### Record set

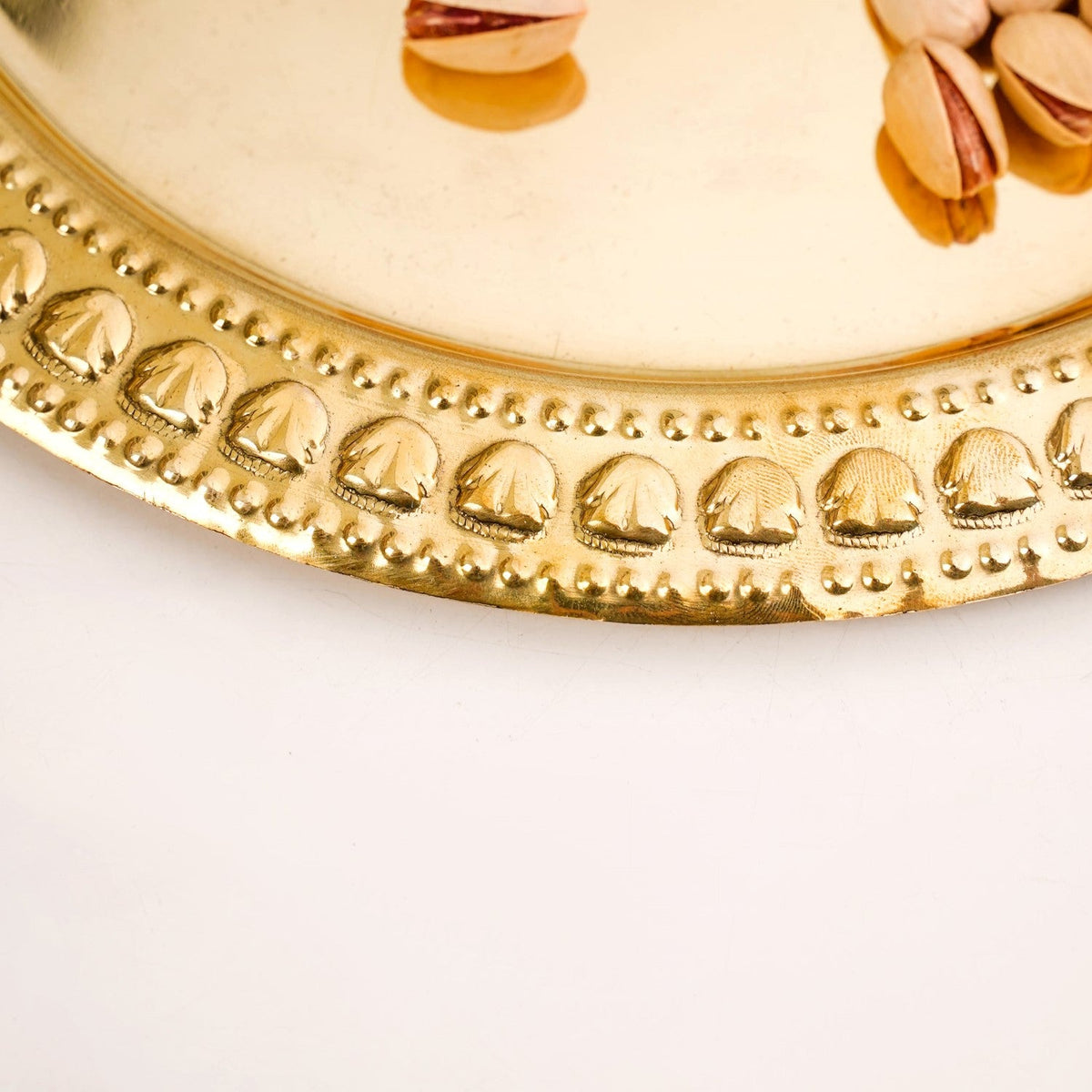 Veda Pure Brass Round Tray With Embossed Design 26cm Nestasia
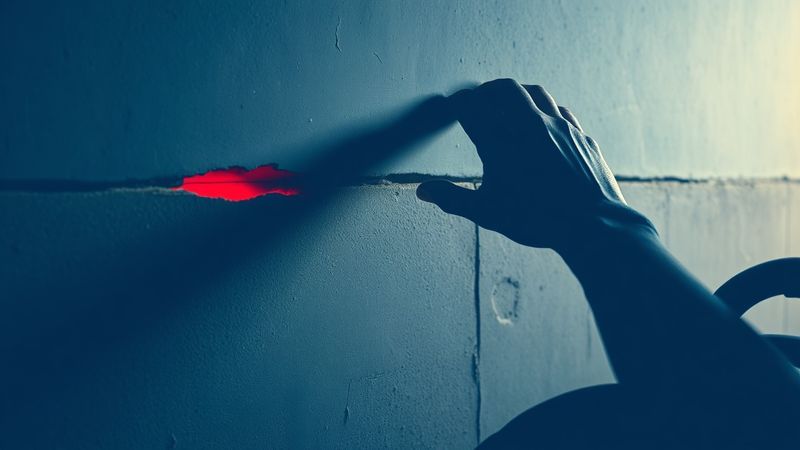 dada photomontage of mismatched architectural fragments — acoustic facades and impossible scale, Crip Minds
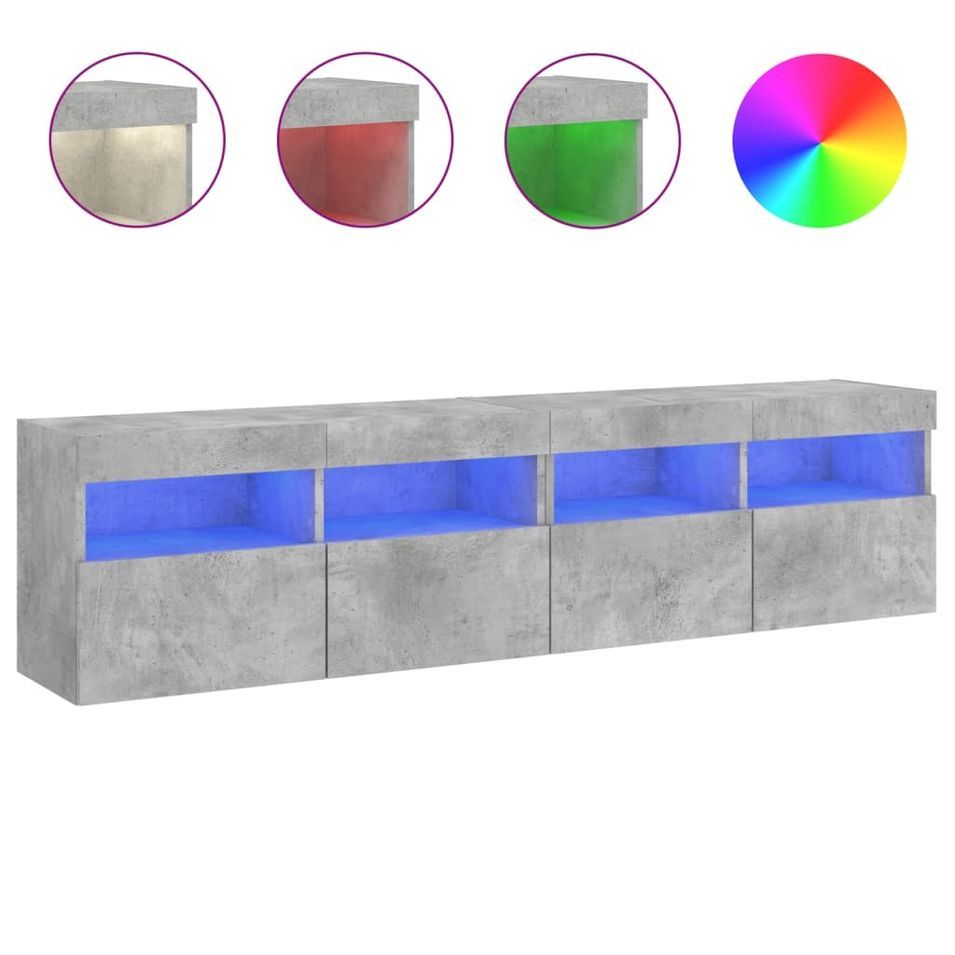 Meubles TV muraux et lumières LED 2pcs gris béton 80x30x40 cm - Photo n°1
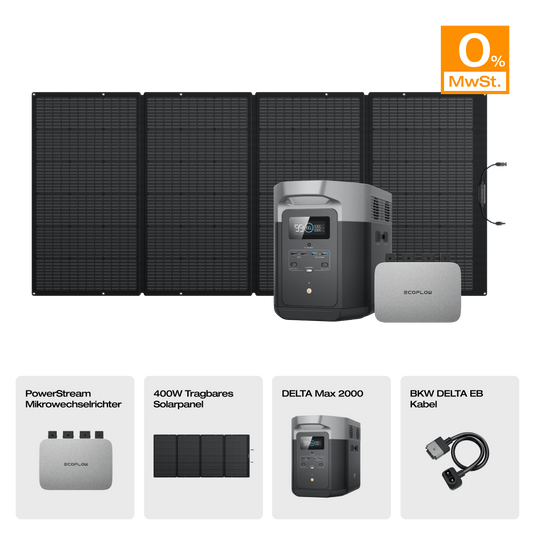 EcoFlow DELTA Max Solargenerator (Tragbarer PV400W) PowerStream 800W + DELTA Max 2000 (mit Batteriekabel) / 1 x 400W Tragbares Solarpanel / 0 % MwSt. (Nur Deutschland)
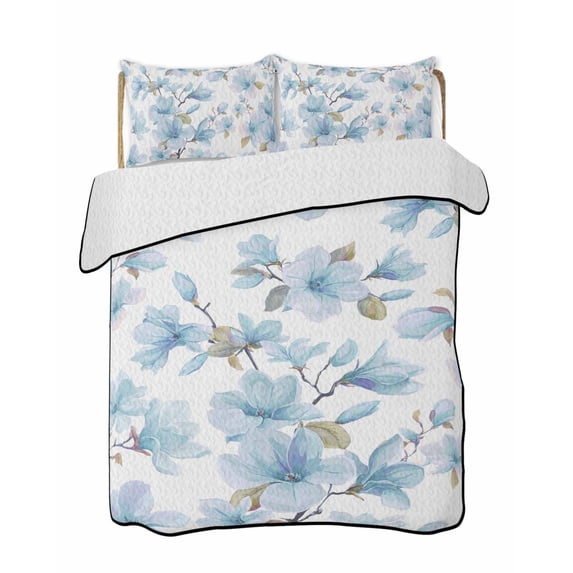 Quilts Full Size Bedding Set, Blue Flowers Lightweight Quilted Comforter, Spring Watercolor Botanical Floral Leaf Plant Soft Reversible Bedspread Coverlet with Pillow Covers for All Season, 78" x 90"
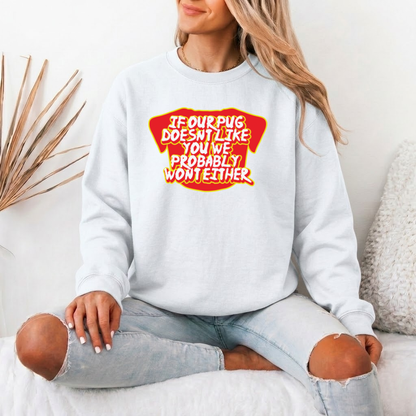 Loey - Unisex Cotton Sweater for Pug Lovers
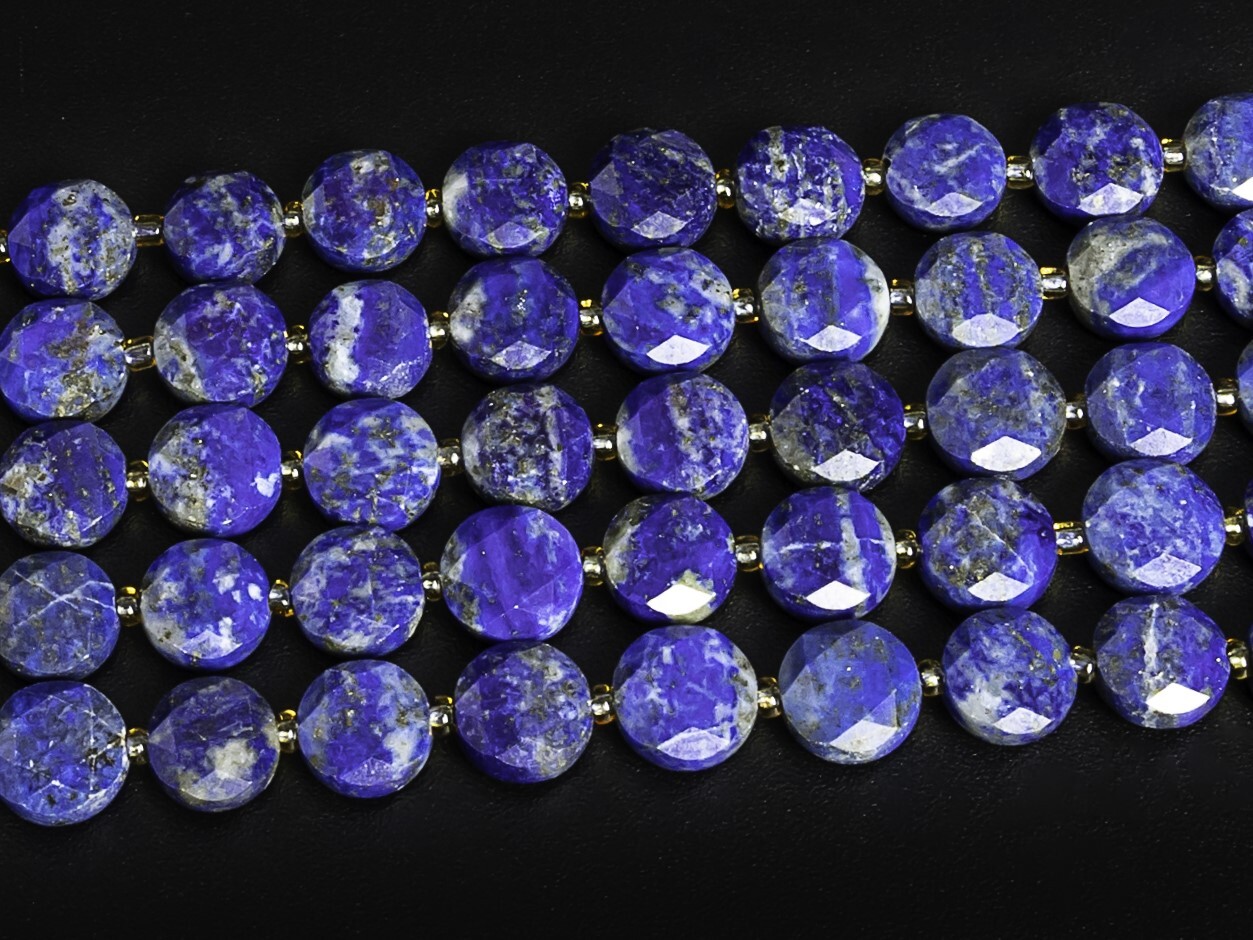 Natural Blue Lapis Lazuli Beads Grade AA Faceted Coin 8MM 10MM Loose Beads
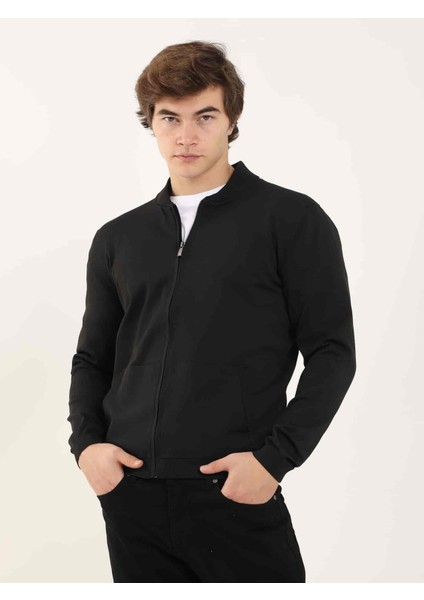 Siyah Erkek Slim Fit Düz Bomber Yaka Triko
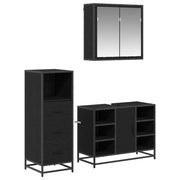 Set di mobili per il Bagno | Armadio da bagno 3 pz Rovere Nero Legno multistrato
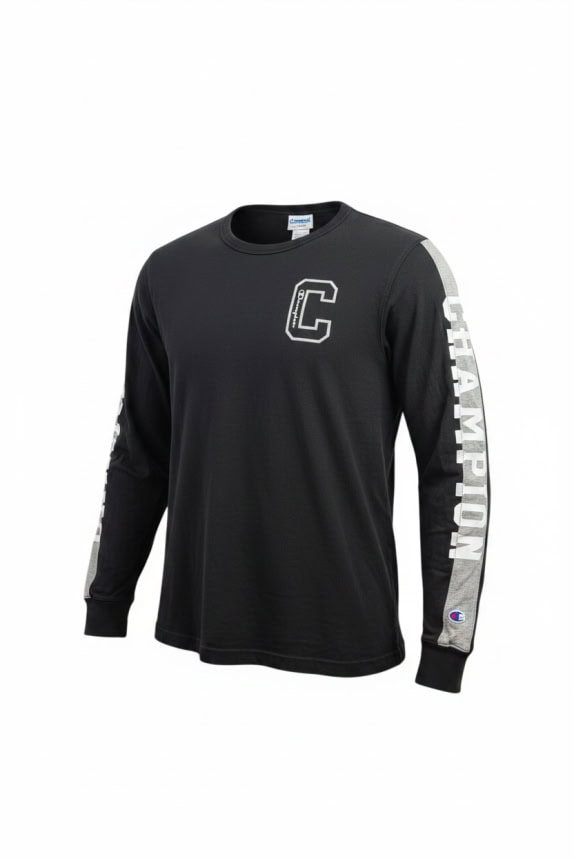 CHAMPION Maglia a maniche lunghe 90s con logo Spellout nera UNISEX taglia L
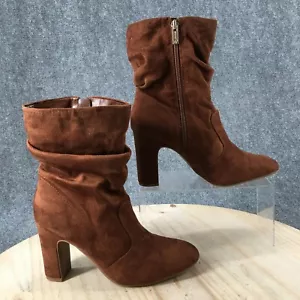 Jessica Simpson Boots Womens 9 M Kyminia Mid Calf Brown Suede Casual Heeled - Picture 1 of 19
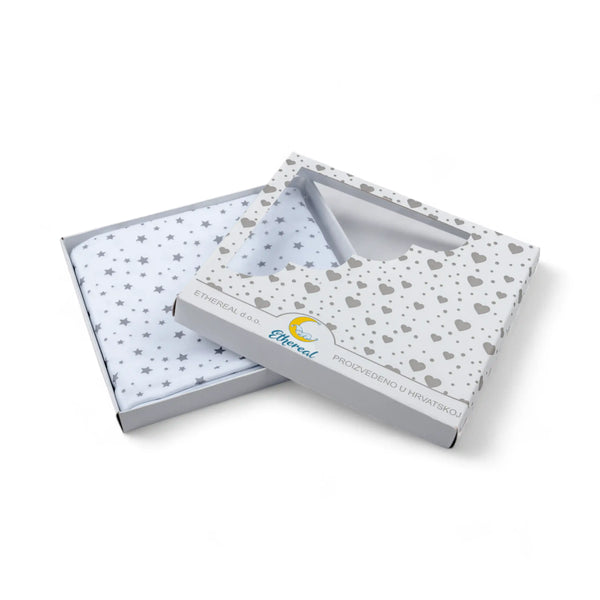 Premium Cotton Double Layer Blanket - Gray Stars on a White Background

######

Transcribe each entry exactly; images stay out.

--- The completed task ---
 Veda Pure Brass Round Tray With Embossed Design 26cm Nestasia
 dada photomontage of mismatched architectural fragments — acoustic facades and impossible scale, Crip Minds
 Meubles TV muraux et lumières LED 2pcs gris béton 80x30x40 cm - Photo n°1
 EcoFlow DELTA Max Solargenerator (Tragbarer PV400W) PowerStream 800W + DELTA Max 2000 (mit Batteriekabel) / 1 x 400W Tragbares Solarpanel / 0 % MwSt. (Nur Deutschland)
 Quilts Full Size Bedding Set, Blue Flowers Lightweight Quilted Comforter, Spring Watercolor Botanical Floral Leaf Plant Soft Reversible Bedspread Coverlet with Pillow Covers for All Season, 78" x 90"
 Loey - Unisex Cotton Sweater for Pug Lovers
 Natural Blue Lapis Lazuli Beads Grade AA Faceted Coin 8MM 10MM Loose Beads
 Siyah Erkek Slim Fit Düz Bomber Yaka Triko
 Set di mobili per il Bagno | Armadio da bagno 3 pz Rovere Nero Legno multistrato
 CHAMPION Maglia a maniche lunghe 90s con logo Spellout nera UNISEX taglia L
 Jessica Simpson Boots Womens 9 M Kyminia Mid Calf Brown Suede Casual Heeled - Picture 1 of 19
 Premium Cotton Double Layer Blanket - Gray Stars on a White Background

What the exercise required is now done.